Task to carry out: Word for word, repeat the data that follows. Do not include the pictures.

Information provided:

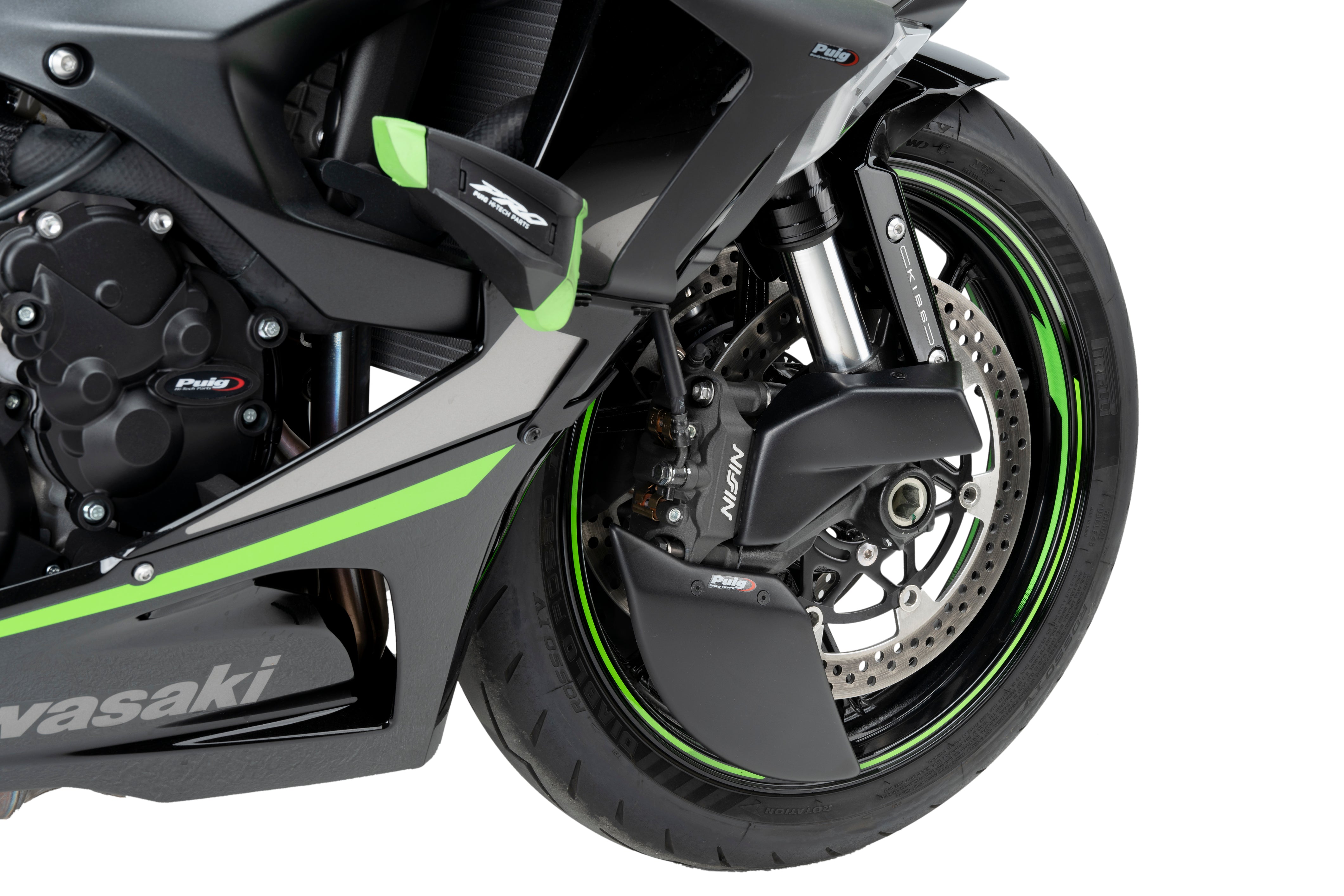 Pinças de travão Refrigeração Dutos de Ar Puig Kawasaki ZX-6 R (24-25) 
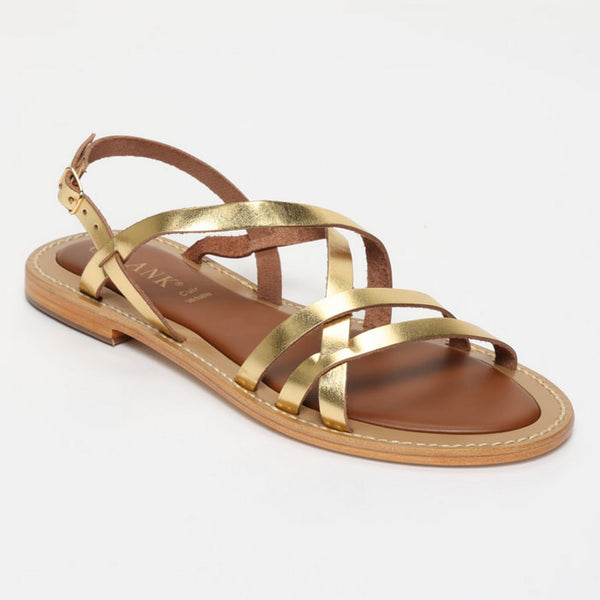 Sandalias Diva - Oro Oscuro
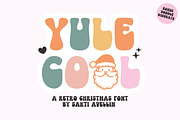 Yule Cool - Retro Christmas Font, a Handwritten Font by SaktiAvellin (Thumbnail 1 of 7)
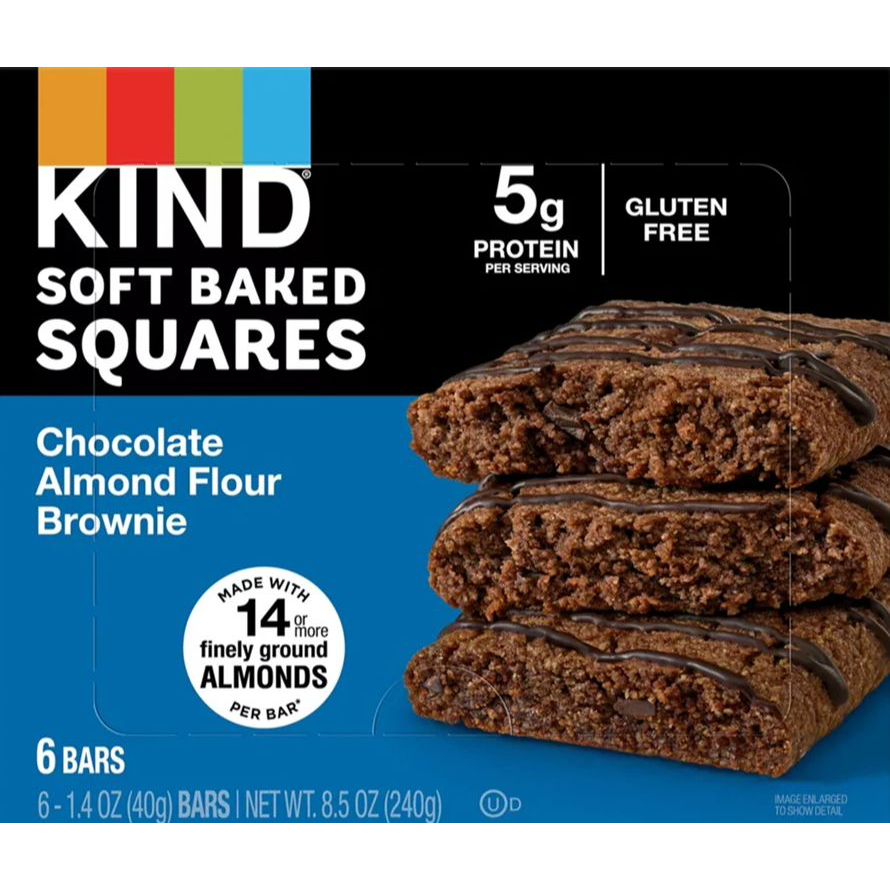 Chocolate Almond Flour Squares Brownie (6 CT)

Output of the task:
 Pinças de travão Refrigeração Dutos de Ar Puig Kawasaki ZX-6 R (24-25) 
 Sandalias Diva - Oro Oscuro
 Yule Cool - Retro Christmas Font, a Handwritten Font by SaktiAvellin (Thumbnail 1 of 7)
 Chocolate Almond Flour Squares Brownie (6 CT)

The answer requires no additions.